We will select the following columns: congress, chamber, state, bioname, bioguide_id, birthday, cmltv_cong, cmltv_chamber, age_years, generation. We will select all the columns except for start_date, party_code, age_days. The columns all have meaningful names, so there is no need to rename columns.
subsetCongressData <- subset(congressData, select = -c(start_date,party_code,age_days))
Since I live in NY State, I am curious to filter this data for congressional representatives for the state of NY
nySubset <- filter(subsetCongressData, state_abbrev == "NY")
Let’s compare the distribution of ages of NY state representatives in the first congressional data set in the sample and the most recent. We can plot the age distribution in a box and whisker plot.
nySubSetFirstandLast <- filter(nySubset, congress == 66 | congress == 118)
nySubSetFirstandLast$congress <- factor(nySubSetFirstandLast$congress)
ggplot(data = nySubSetFirstandLast, mapping = aes(x = congress, y = age_years, color = chamber)) +
geom_boxplot() +
labs(
title = "Age Distribution for first and last congressional class in NY")
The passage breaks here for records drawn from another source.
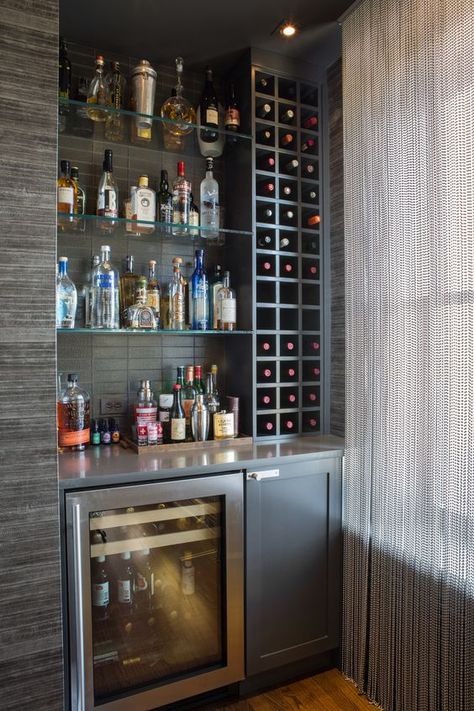 Small Kitchen Bar, Wet Bar Designs, Kitchen Bar Design, Home Wet Bar, Home Bar Areas, Home Bar Cabinet, Home Bar Rooms, Modern Home Bar, Diy Home Bar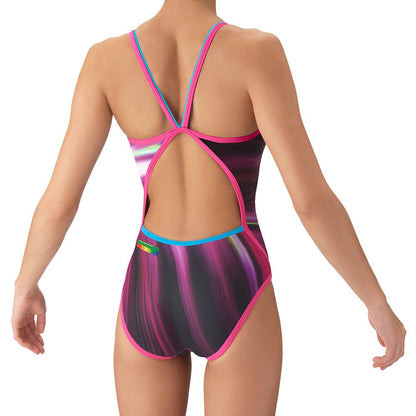 【arena（アリーナ）】ジュニア ガールズ 女子 競泳水着  練習用 トレーニング水着 TOUGHSUIT  タフスーツ AS6FWM14G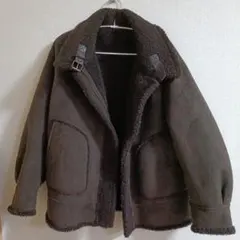 SHIPS ダークブラウン フリースジャケット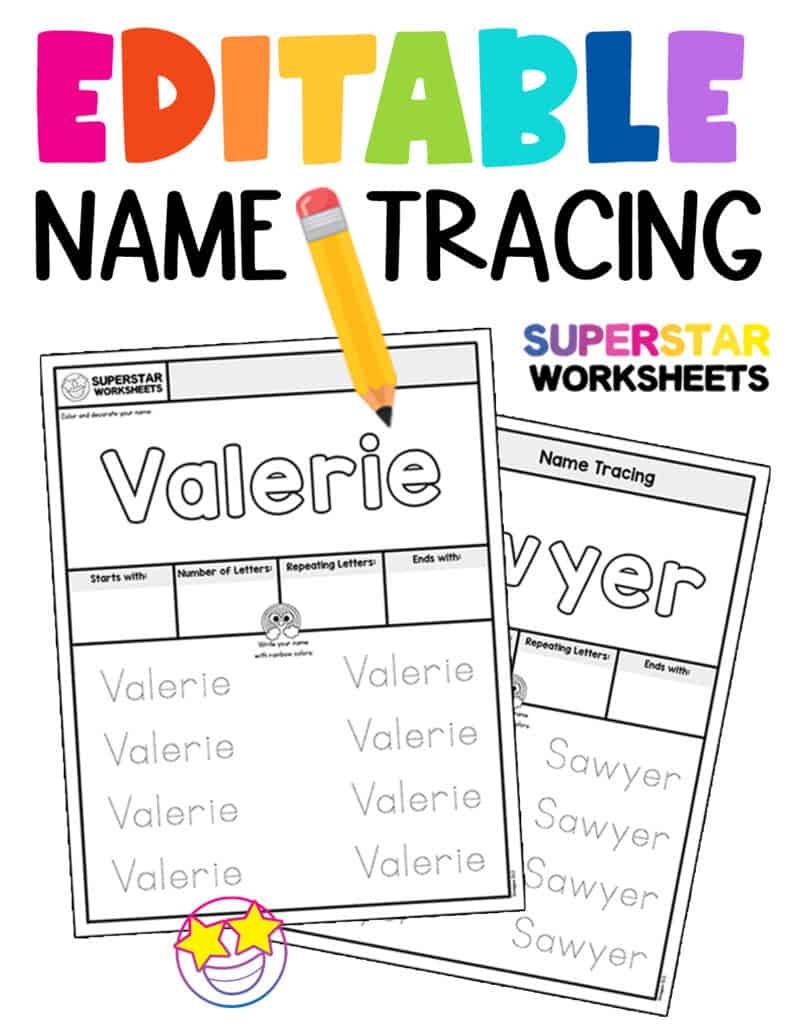 Free Printable Name Tracing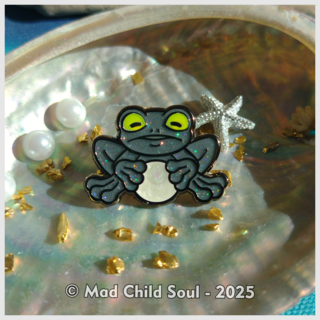 Mini Frog Guardian - stone (BN)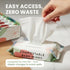 100% (Pack 4) Eco Wave Baby Wipes, Compostable Eco-Friendly Bamboo Wipes, Unscented, Hypoallergenic, Vegan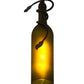 Meyda Lighting Tuscan Vineyard 3" Textured Black Mini Pendant Light With Frosted Green Wine Bottle Shade Glass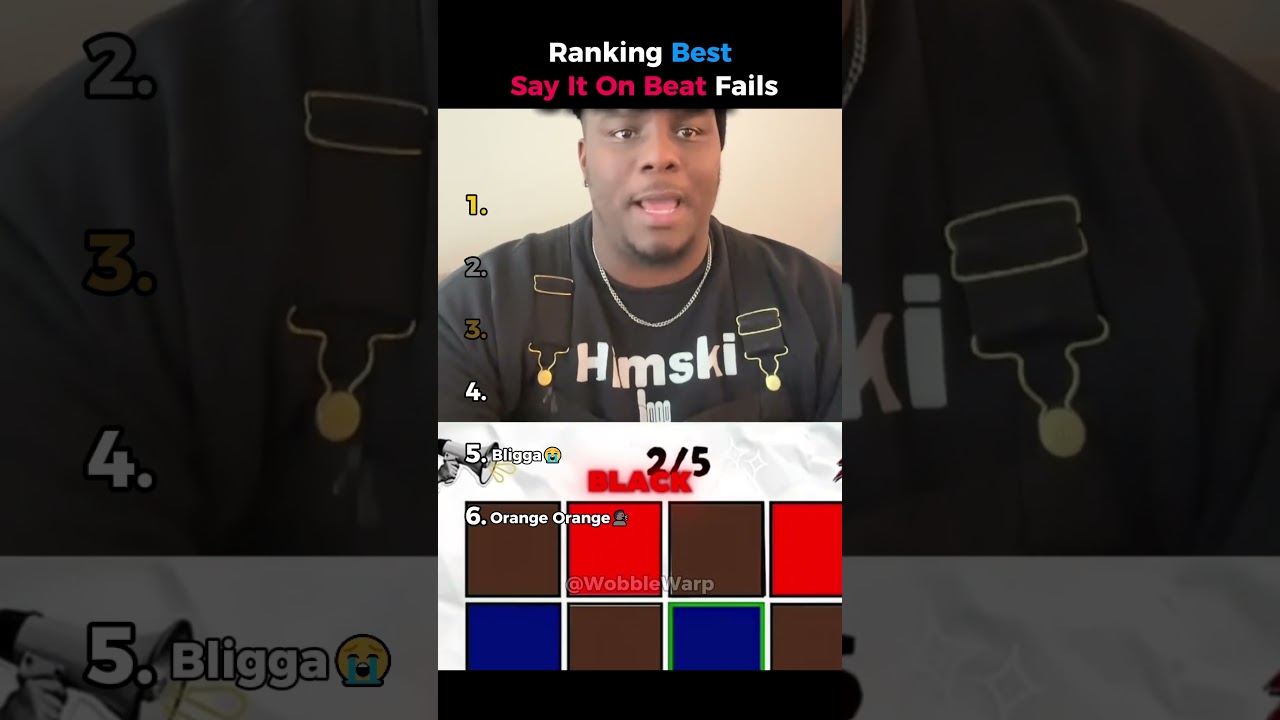 Ranking Best Say It On Beat Fails😂💀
The FiveThirtyEight article detailed how the median age of congressional members today is higher than its ever been in history. When comparing NY State’s age distribution for its first congressional class in the data set and its most recent, we see that the age distribution for the Senate is meaningfully higher. While the media age for House members is slightly lower, the distribution is more skewed towards older members. Further analysis for NY state can consider the change in median age for NY state representatives over time and compare it to the media age for all NY residents.